California restaurants are preparing for potential bacon shortages beginning January 2022, when a new law to improve farm animal conditions that could cause a decline in pork supply goes into effect.
One of the first international pancake houses in Orange County, Pancakes R Us, foresees a costly impact on its menu prices.
Abdullah Akbar, who runs the Costa Mesa restaurant, told The Epoch Times the eatery uses around 600 pounds of bacon per month. The restaurant is known for classic breakfast combos offering diners a few strips of bacon for nearly every meal.
“The prices will have [an] effect on us, and we have no choice but to increase our prices,” Akbar said.
In 2018, state residents voted to change farm animal confinement laws by passing Proposition 12. More than half of state voters ruled in favor of prohibiting the retainment of calves, pigs, veal, and hens in small areas, along with the sale of veal, uncooked pork, and shelled and liquid hen eggs.
“Prop 12 addresses some of the cruelest abuses ever inflicted on farm animals,” Josh Balk, vice president of Farm Animal Protection at the Humane Society of the United States, told The Epoch Times. “The pork industry confines mother pigs in tiny cages so small they can never turn around. Shifting to more humane and cage-free conditions vastly improves the lives of these animals for egg-laying hens.”
As of now, the hens stand wing-to-wing with other birds in cages the size of microwaves, where they’re forced to sleep, eat, and lay eggs in the same spot, Balk said.
“In the pork industry, allowing these pigs to at least turn around is a big step, and that goes to show how poor these animals are treated,” he said. “Mother pigs in a cage where they can’t turn around; they’re forced to live in what is their own coffin for their whole life. They’re forced to look straight ahead, and that’s it, and they go psychologically insane.”

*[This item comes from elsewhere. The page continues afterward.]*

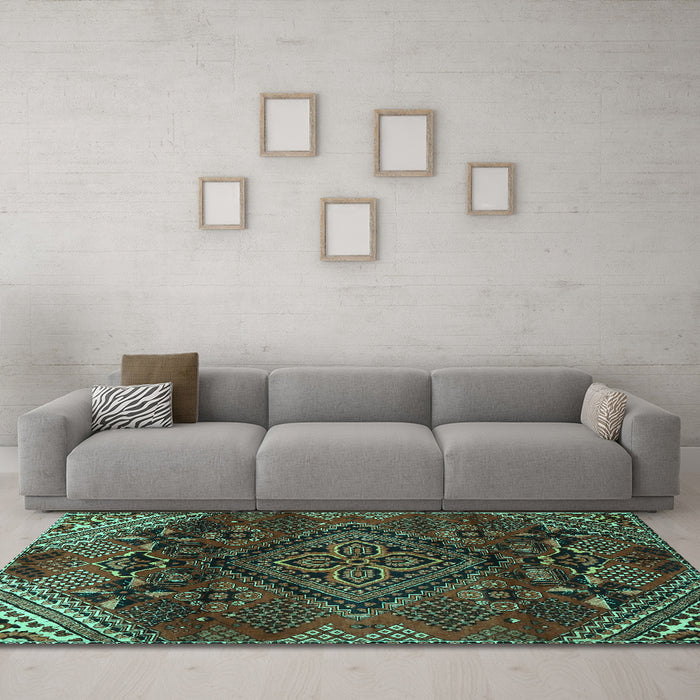 Machine Washable Persian Turquoise Traditional Area Rugs in a Living Room,, wshtr4256turq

With nearly 63 percent of Californians voting in favor of Prop. 12, the initiative received a lawsuit from the North American Meat Institute to halt the motion. In June 2021, the Supreme Court rejected the legal challenge.
“The Supreme Court’s outright rejection of the meat industry’s challenge to Proposition 12 is significant, and consistent with prior court rulings affirming that states have the right to pass laws protecting animals, public health and safety,” the Humane Society of the United States’ senior staff attorney, Rebecca Cary said in a June 28 statement.
“The meat industry should have focused on eliminating its cruel caging of animals rather than filing hopeless lawsuits trying to overturn extraordinarily popular, voter-passed animal cruelty laws.”
According to a study conducted by the Hatamiya Group, a decline in pork supply in the state by 50 percent would increase bacon prices by 60 percent in the Los Angeles market. Additionally, the report found that an increase in pork prices will decrease the overall demand if prices were to spike.
The Food Equity Alliance, a statewide coalition of state grocery stores, restaurants, businesses, and pork producers, wrote a letter to Gov. Gavin Newsom in May 2021, urging him to delay the effects of Prop. 12 by using his executive powers.
“Californians have been hit hard by the economic impacts of COVID-19 with consequences serious and far-reaching on restaurants, grocers, businesses, and hard-working families,” the letter reads. “Another threat on the horizon is the implementation of Proposition 12.
“The Food Equity Alliance ... is asking that you exercise your executive authority to delay the implementation of Proposition 12. It’s the only solution to protect the most vulnerable Californians, grocery markets, and restaurants from facing a pork shortage and skyrocketing price increases at a time when they are already struggling with the devastating impacts of COVID-19.”
As the implementation date of Prop. 12 is nearly half a year away, a Rabobank report estimates that California will fall 50 percent short of its pork needs.